Major functions of Reinsurance are A) To provide capacity B) Catastrophic Protection C) Stabilize Loss Ratios D) Mechanism to Exit a line of business or Geography E) Share Expertise and F) Financial & Solvency Relief.
Solvency relief reinsurance solution can be with risk transfer or a pure Solvency relief solution with no risk transfer. Pure Solvency Relief solutions are done with very low margin to reinsurers. Normally, cost-benefit analysis is done compared to taking subordinate debt for raising capital. Unless the interest cycle is at the bottom, Pure Solvency Relief Reinsurance Solution always scores over the subordinate debt.
Assume you are a reinsurance broker. A Reinsured approaches you with a Motor portfolio whose loss ratio for 5 years (excluding current year) is between 200% and 250%. However, last year they had taken stringent underwriting steps, and the first 9 months of the current year loss ratio is around 60%.

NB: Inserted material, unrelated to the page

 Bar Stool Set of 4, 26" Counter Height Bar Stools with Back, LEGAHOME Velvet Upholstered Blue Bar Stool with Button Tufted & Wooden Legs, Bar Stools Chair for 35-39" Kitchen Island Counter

As a broker you know that no reinsurer will accept this portfolio since past has been very bad and current year is not yet fully developed.
Reinsured tells you that they are confident about their underwriting changes and they can easily bring the loss ratio under control. They are not expecting any risk transfer to Reinsurers. They just want a pure Solvency Relief Reinsurance solution.

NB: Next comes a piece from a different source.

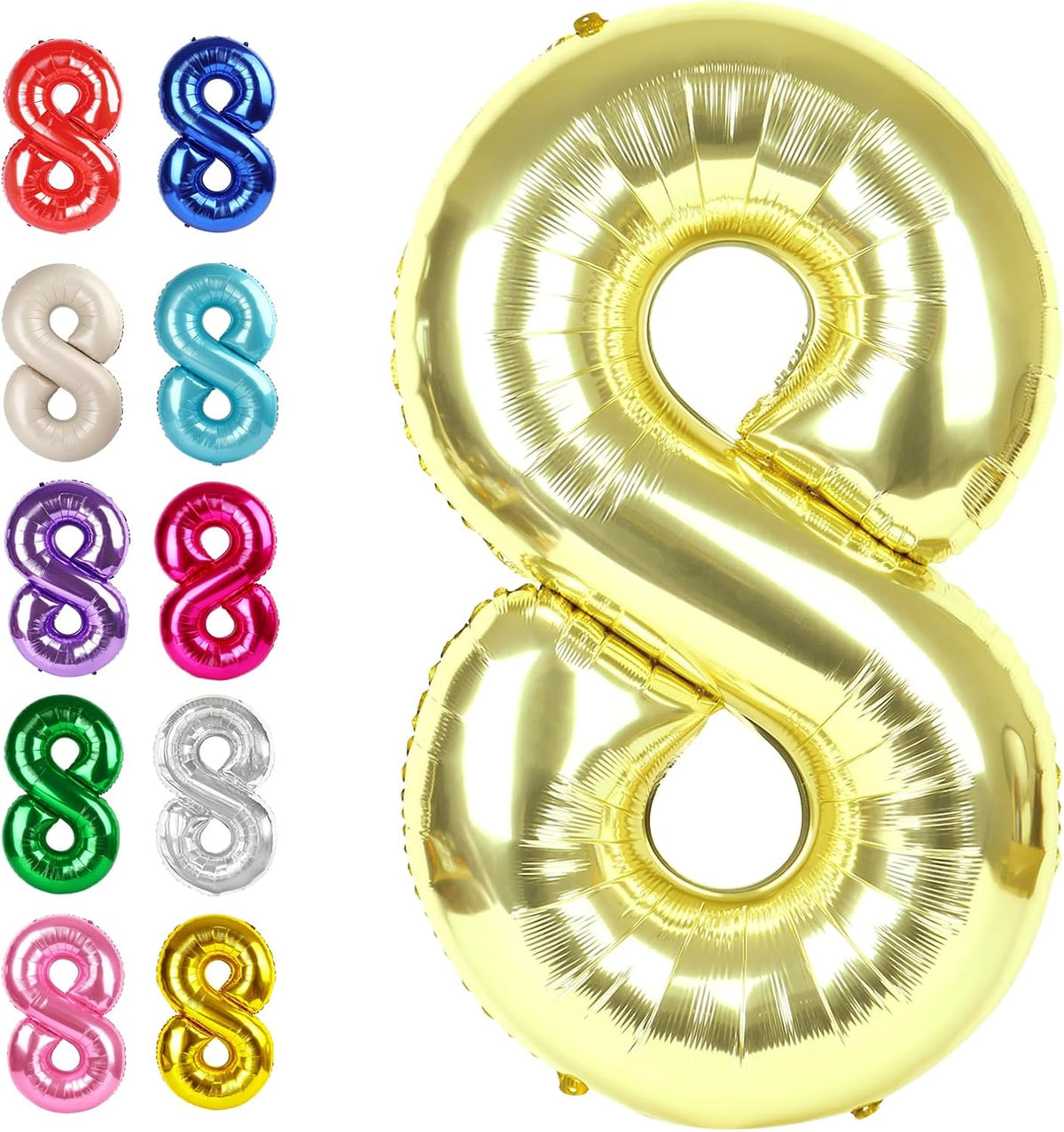 Helium Foil Light Gold Number 8 Balloon 40 Inch, Mylar Eight Numbers 8 18 28 38 48 58 80 88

I would request the reinsurance professionals to think what would be the appropriate Reinsurance solution.
One aspect to note is that some Insurance regulators are not comfortable and do not approve any Reinsurance solution which does not have adequate Risk Transfer. So, you have to assume that the Reinsured is under an Insurance Regulator who is open to Pure Solvency Relief solutions with nil risk transfer.